Briefly commenting at this point, I’ll observe that I don’t ever recall in my entire life being appalled at the sight of weapons being carried by anyone, at any time. But as for the concealed carry of weapons while jogging, I guess I have to weigh in with Henigan on this one. I don’t jog. I do lift weights and engage in open carry while I’m walking my dog. But continuing:
Perry recently was asked if he is armed while campaigning. He didn’t respond by saying the question is ridiculous. He didn’t say that in the close quarters of a rope line, with a multitude of people pulling and tugging at him, a gun could easily drop to the ground or be taken from him. He didn’t say that an armed candidate would be a nightmare for the Secret Service. He didn’t say any of those things. Instead, he smiled and refused to say whether or not he carried while campaigning. He added, “That’s why it’s called concealed.”

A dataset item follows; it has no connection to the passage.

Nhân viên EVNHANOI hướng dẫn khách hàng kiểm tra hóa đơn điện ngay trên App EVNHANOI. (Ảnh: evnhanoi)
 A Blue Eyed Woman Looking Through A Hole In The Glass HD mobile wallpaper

Rick Perry apparently doesn’t think the question is ridiculous. In fact, his sarcasm suggests he has no objection to political candidates carrying guns to campaign events; he seems to imply that he may do so himself. One thing is clear. The governor has been so thoroughly marinated in pro-gun ideology that he is unashamed about taking it to its logical extreme. If it is true that more guns in public places make us safer, why shouldn’t political candidates carry guns? Isn’t it the least they can do for their own safety?
Something tells me that Perry wouldn’t be ashamed of taking gun ownership to its logical end, whether Henigan wants to call that “extreme” or not. But Henigan is getting increasingly worked up and hysterical over things, and he eventually drops this bomb.
Yes, it is a good thing that senators can’t carry guns onto the Senate floor because the presence of guns, even carried by well-meaning, law-abiding citizens, increases the risk that arguments and conflicts will escalate to lethal violence. It is the same reason that our national parks are less safe because (due to legislation sponsored by Senator Coburn himself) concealed carry of weapons is now permitted within their borders.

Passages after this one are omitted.